Beliau shallallahu 'alayhi wa sallam mengatakan:
مَنْ أَتَى عَرَّافًا فَصَدَّقَهُ بِمَا يَقُولُ فَقَدْ كَفَرَ بِمَا أُنْزِلَ عَلَى مُحَمَّدٍ صَلَّى اللَّهُ عَلَيْهِ وَسَلَّمَ
"Barangsiapa yang mendatangi dukun atau tukang ramal kemudian dia membenarkan apa yang diucapkan oleh tukang ramal tersebut dan meyakini bahwasanya dia mengetahui ilmu ghaib. Maka sungguh dia telah kufur dengan apa yang diturunkan kepada Nabi Muhammad shallallahu 'alayhi wa sallam.” Maka keyakinan kita sebagai seorang muslim tidak ada yang mengetahui ilmu ghaib yang mutlaq kecuali Allah. Adapun yang dilakukan oleh sebagian, memperkirakan bahwasanya sore nanti akan turun hujan atau hari ini akan hujan, berdasarkan apa yang mereka lihat dan berdasarkan arah angin dan juga memperkirakan hujan dengan melihat keadaan udara dan seterusnya. Maka hal ini bukan termasuk usaha untuk mengetahui ilmu yang ghaib. Dia bisa mengatakan demikian karena mereka melihat tanda-tanda yang merupakan sunnah kauniyyah.

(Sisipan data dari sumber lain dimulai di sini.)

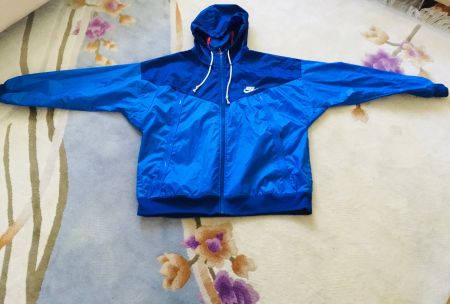 Super stylé et comme neuf, véritable coupe vent NIKE, t. XL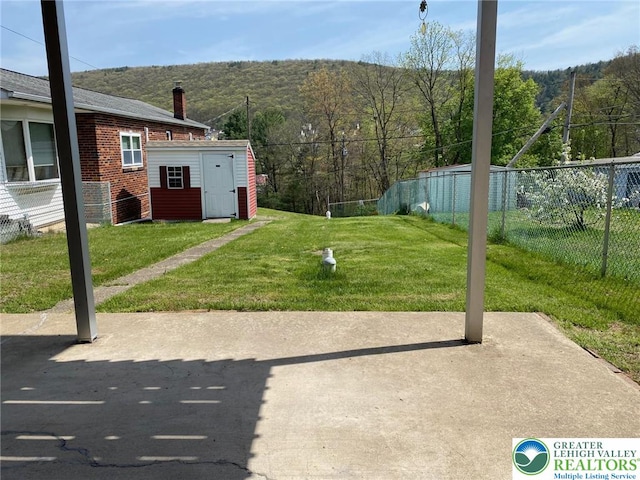 view of yard with fence, an outbuilding, a patio area, and a wooded view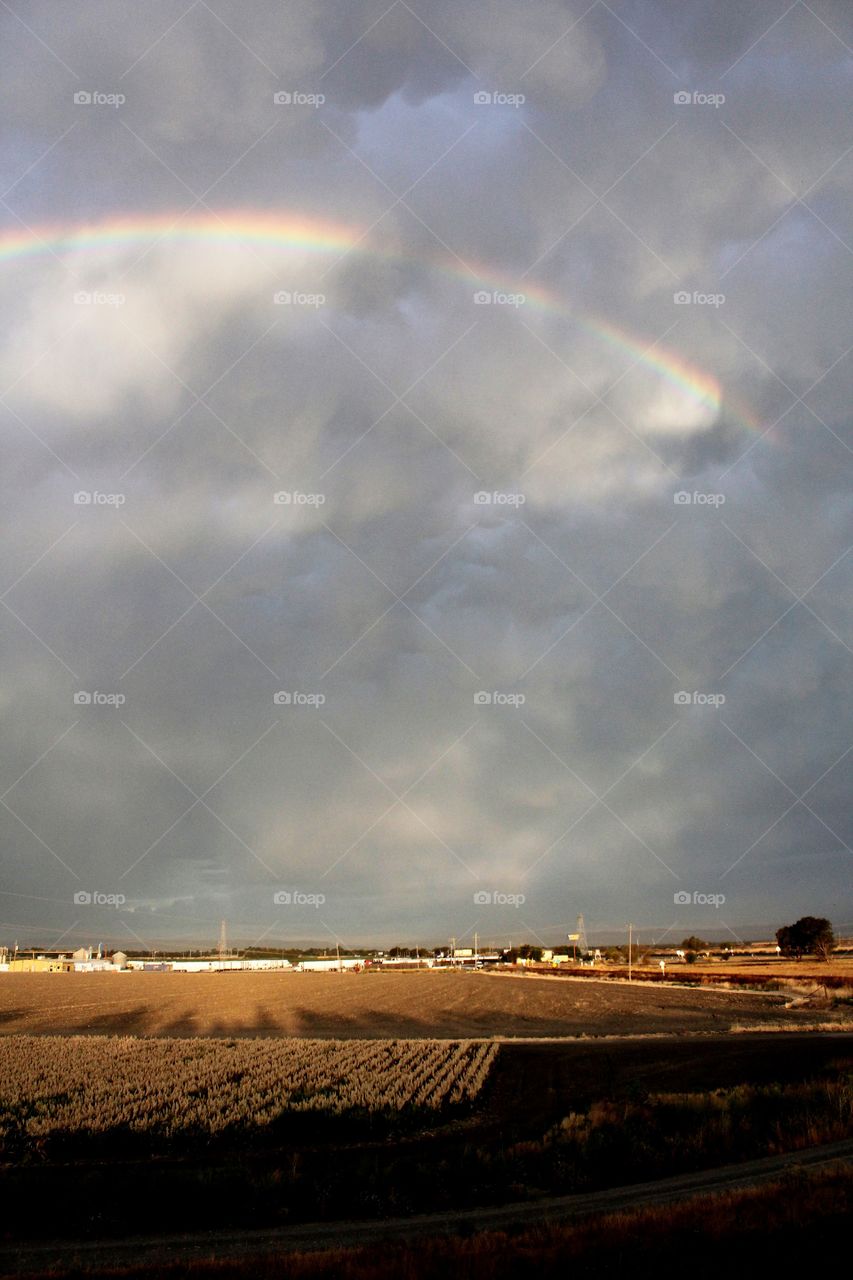 rainbow thunder clouds in a landscape view.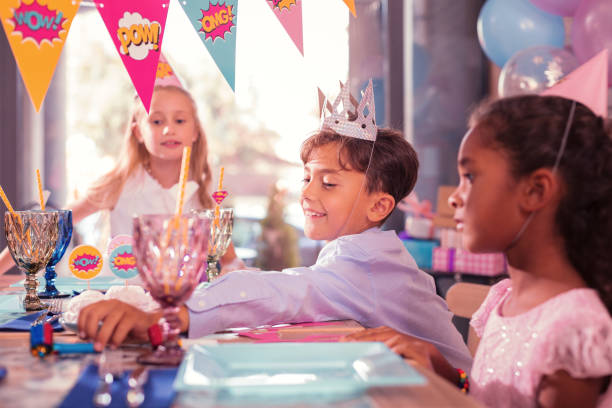 istock Funny boy smiling and taking party horn from the table 1047163778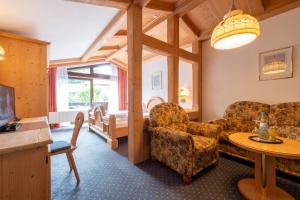 a living room with a couch and a table at Hotels am Kranichsee in Hahnenklee-Bockswiese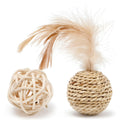 Two cat toy balls: one rattan sphere and one colourful faux feather ball with bell on a neutral background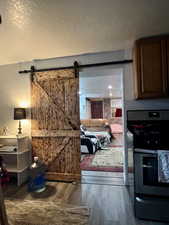 Interior space featuring a textured ceiling, hardwood / wood-style floors, and a barn door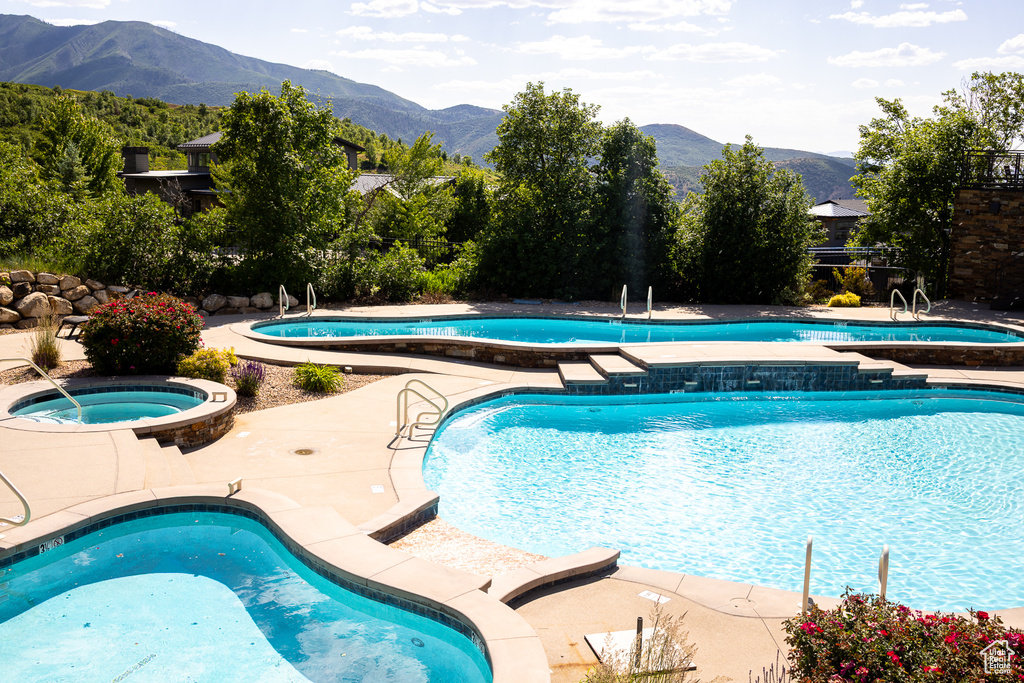 Community pool with a hot tub, a mountain view, and a patio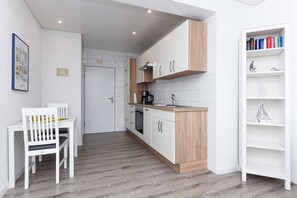 Eine kleine Küche mit weißen Schränken, einer Holz Arbeitsplatte und einem Essbereich mit einem weißen Tisch und einem Stuhl.
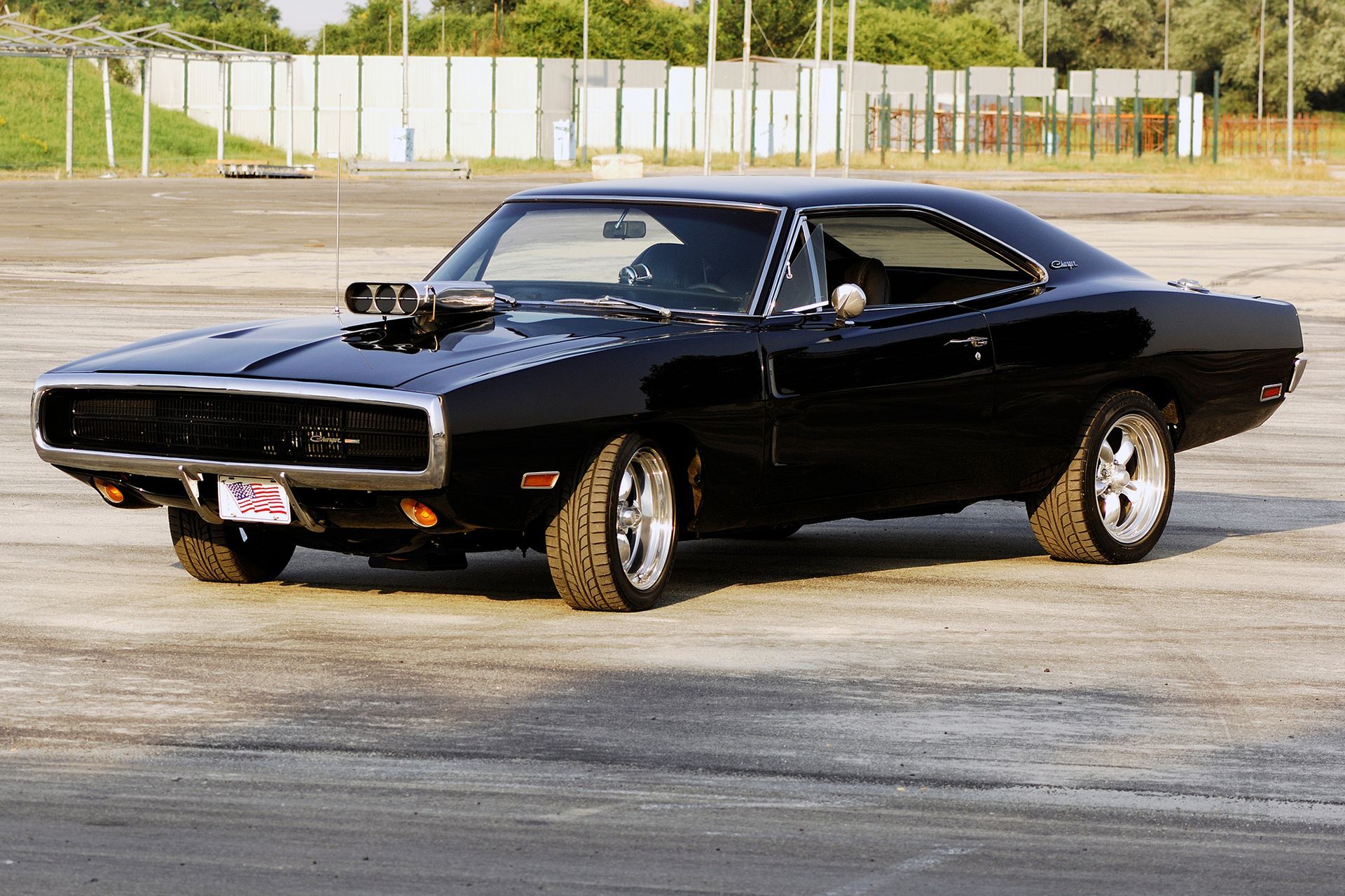 Man in black gloves polishing a black car with a yellow cloth.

- Kalau keadaannya demikian maka akan terjadi hujan.
- Kalau keadaannya demikian maka angin akan kencang dan seterusnya.
Allah Subhanahu wa Ta'ala mengatakan:
وَٱلشَّهَـٰدَة
"Dia-lah yang mengetahui perkara yang nyata.” Kalau yang ghaib saja Allah Subhanahu wa Ta'ala Maha Mengetahui, lalu bagaimana dengan perkara yang nyata ? Yang kelihatan, yang bisa dilihat oleh manusia, dan apabila kita mengenal bahwasanya Allah Subhanahu wa Ta'ala, Dia-lah yang Maha Mengetahui perkara yang ghaib, perkara yang nyata, perkara yang kelihatan oleh manusia maupun yang tidak kelihatan oleh manusia, maka ini akan menumbuhkan perasaan muraqabbah di dalam hati kita (merasa diawasi oleh Allah). Dan bahwasanya gerak-gerik kita Allah Subhanahu wa Ta'ala Maha mengetahuinya dan apa yang ada di dalam hati manusia, Allah Subhanahu wa Ta'ala Maha Mengetahuinya.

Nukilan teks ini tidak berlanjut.